Dataset content
==*==

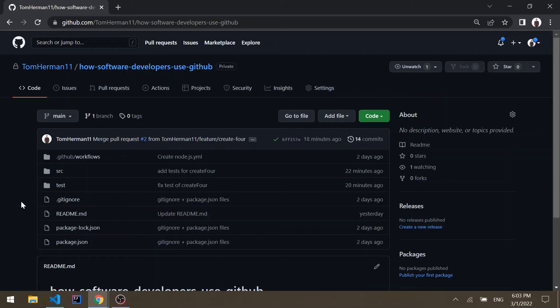In this video I'll present how software developers use GitHub for day-to-day development. We'll go through GitHub's pull requests, actions, and issues using a GitHub repository I created for live examples.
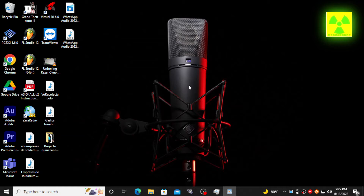Hello everyone, welcome back to another new episode of AtomicSoft. Today we're going to show you a new simple tutorial for 2022 about Adobe Audition. This is one of the best professional recording software out there, so let's get started.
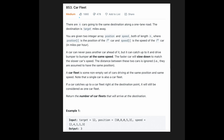Hi everyone, today we are going to solve the LeetCode question 'Car Fleet'. There are N cars going in the same direction along a one-lane road. The destination is target miles away. You are given two integer arrays, position and speed, both of length N, where position[i] is the position of the i-th car and speed[i] is the speed of the i-th car.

==*==

Problem to solve
Exclude the pictures and print the rest of the data exactly.

Solution
In this video I'll present how software developers use GitHub for day-to-day development. We'll go through GitHub's pull requests, actions, and issues using a GitHub repository I created for live examples.
Hello everyone, welcome back to another new episode of AtomicSoft. Today we're going to show you a new simple tutorial for 2022 about Adobe Audition. This is one of the best professional recording software out there, so let's get started.
Hi everyone, today we are going to solve the LeetCode question 'Car Fleet'. There are N cars going in the same direction along a one-lane road. The destination is target miles away. You are given two integer arrays, position and speed, both of length N, where position[i] is the position of the i-th car and speed[i] is the speed of the i-th car.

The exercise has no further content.